More than 1,500 passengers and crew died after the supposedly “unsinkable” ocean liner hit an iceberg and sank.
Last year, scientists used sophisticated equipment to take very detailed photographs of the Titanic and the wreck site.
The photos were “stitched together” to provide an incredible visual record of every centimeter of the outside of the ship. Many of the photos will eventually be shown to the public.
Taking the photos was very expensive and risky because the wreck is in very deep and treacherous waters. Special remote cameras were used.
During the expedition more than $110-million worth of objects were brought up to the surface–about 6,000 objects including shoes, fine china and ship’s fittings.
The expedition, which cost at least $4-million, was organized by a company called RMS Titanic Inc.
Now, the company wants to be repaid for the expedition. Last week, a judge looked at the images to help decide how the company should get the money. She had already ruled that the company should be repaid. The images were used to show just how expensive and risky the expedition was—in other words, to prove that the company spent as much money as it says it did.
Some of the images were in 3-D so the judge, lawyers and visitors in the court had to wear 3-D glasses some of the time. Among the images they looked at were of some chain, some wooden items and the Captain Edward Smith’s private bathtub. Captain Smith died when he went down with his ship.
How do you think these images and artifacts will help us gain a better understanding of the Titanic?
Who, if anyone, should repay the company for the expedition?
Do you think this expedition was money well spent?
Read the title of the article, “Judge Looks At New 3-D Image of Titanic.” To understand this title, you need to have some background knowledge of who a judge is, what 3-D means, and what the Titanic is.

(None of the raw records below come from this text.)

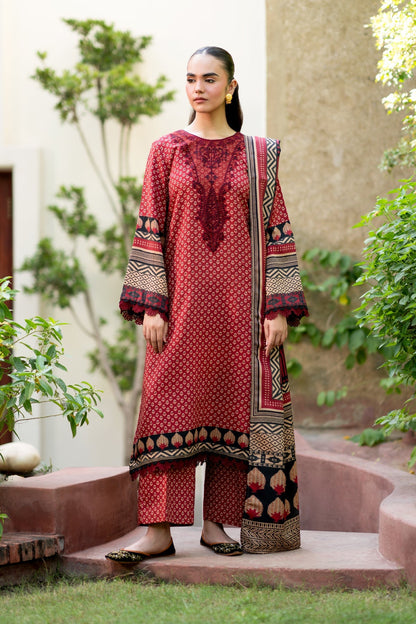 Xenia Formals | Autumn Refresh |IFLAAH - Pakistani Designer Dress - by Xenia Formals - Type : Ladies Clothes - 100% Original at Saira Sultan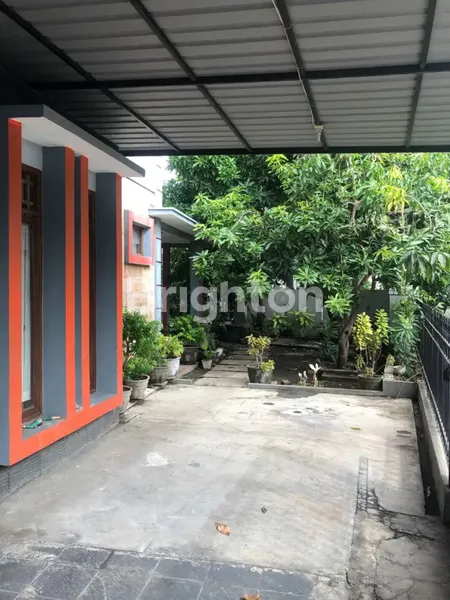 image JUAL CEPAT RUMAH DI NIRWANA EKSEKUTIF SIAP HUNI DEKAT RAYA MERR (6)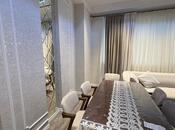 İcarəyə verilir 3 otaqlı yeni tikili 110 m², Ağ şəhər q., photo 3 from 8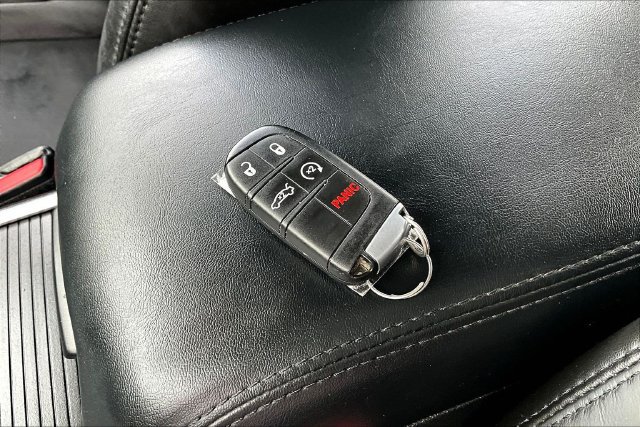 Used 2021 Chrysler 300 Touring L RWD image 34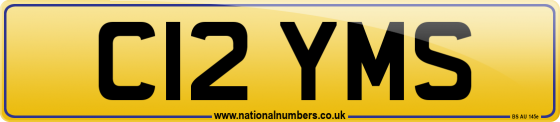 C12 YMS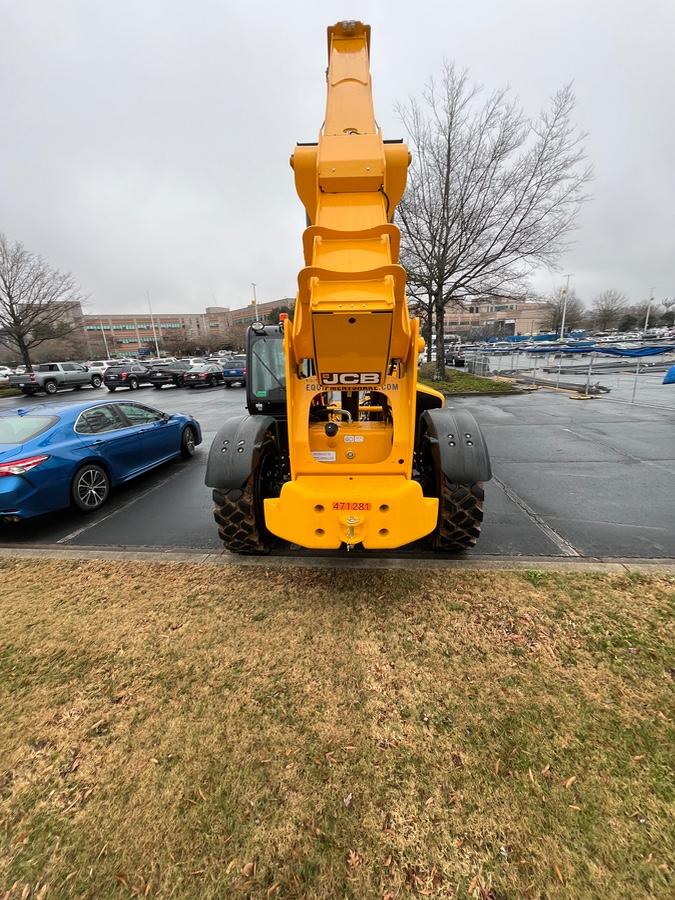 2025 JCB 512-56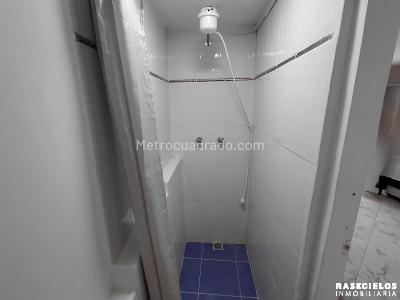 Apartaestudio en arriendo en Belen La Gloria, Medellín · foto 11 de 11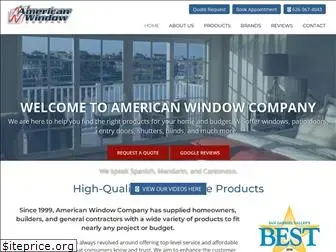 americanwindowcompany.com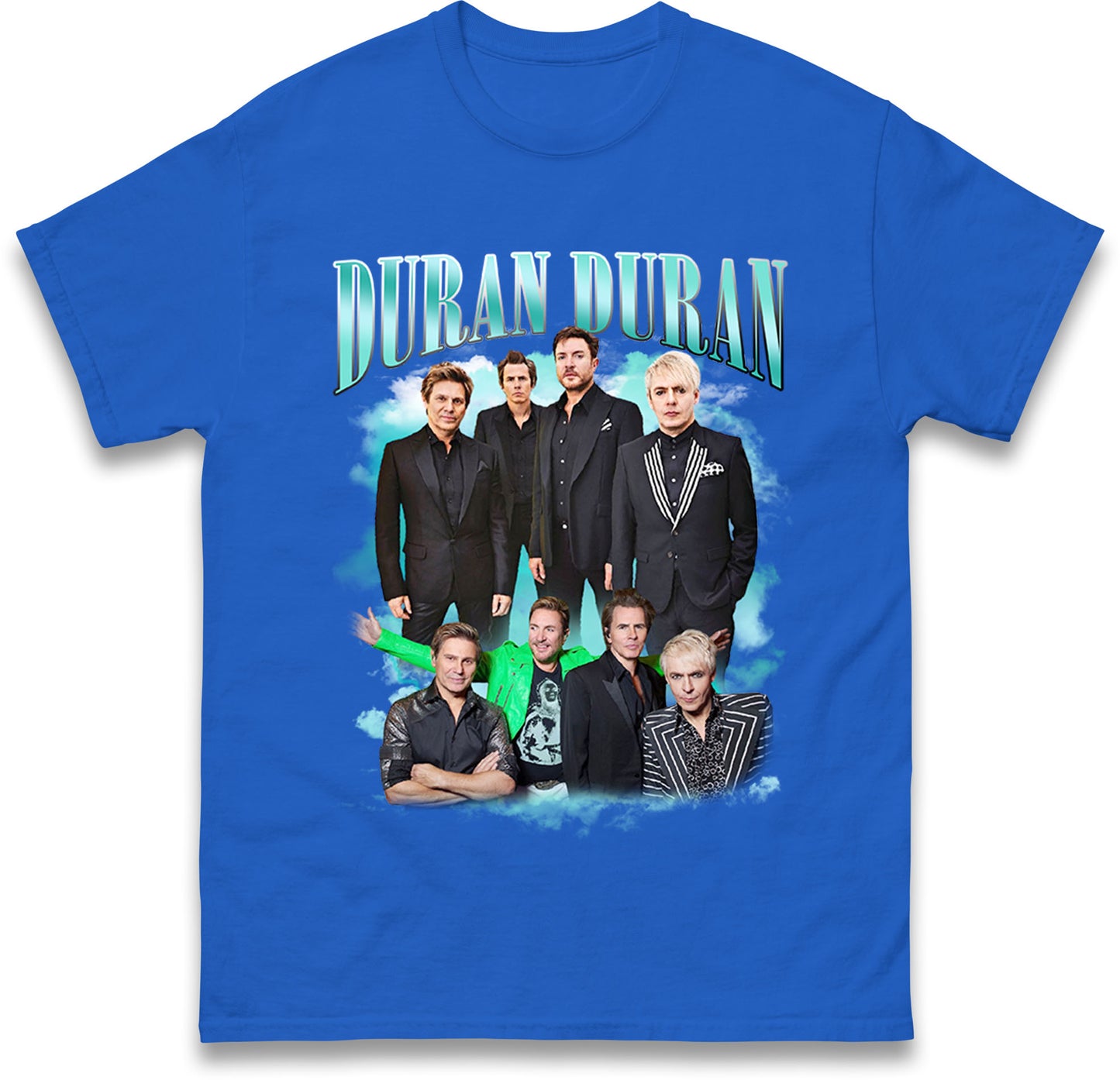 Duran Duran T-Shirt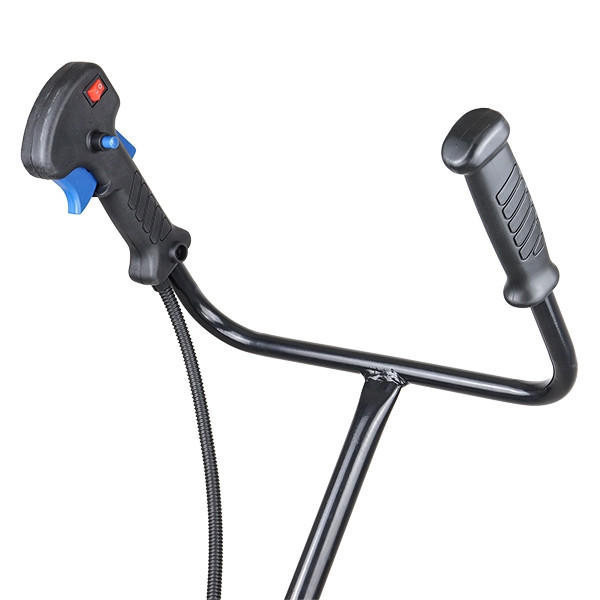 Hyundai 52cc Petrol Wheeled Grass Trimmer | HYWT5200X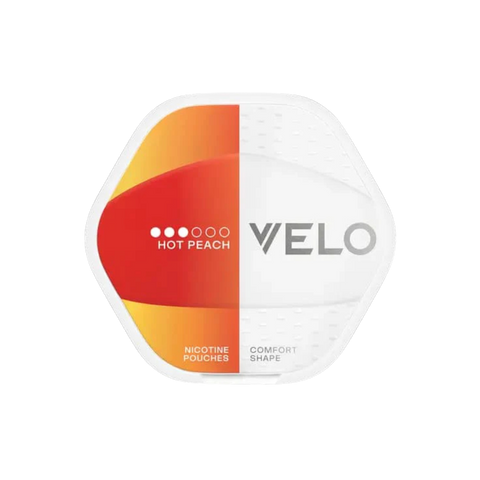VELO Hot Peach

Pick a friend, parent or teacher and explain how your background knowledge helps you to understand the title of the article.
Before reading the text:
1. Make predictions about what the article might be about.
After reading the text:
1. Were your predictions correct?
2. How did your background knowledge help you to understand the article?
Identify a variety of reading comprehension strategies and use them appropriately before, during, and after reading to understand texts (OME, Reading: 1.3).
Identify a variety of reading comprehension strategies and use them appropriately before, during, and after reading to understand increasingly complex texts (OME, Reading: 1.3).
Grammar Feature: Writing Numbers
When we write numbers, there are several rules that need to be followed. Four of the rules are:
1. Spell out numbers nine and under (e.g. one)
2. Numbers that are 10 or bigger should be written with numerals (e.g. 21)
3. Dates should be written with numerals (e.g. July 4, 2011)
4. Spell out any number that goes after a number written in numerals (e.g. 200-million)
Find all of the numbers that are written in the text and identify which rule they follow.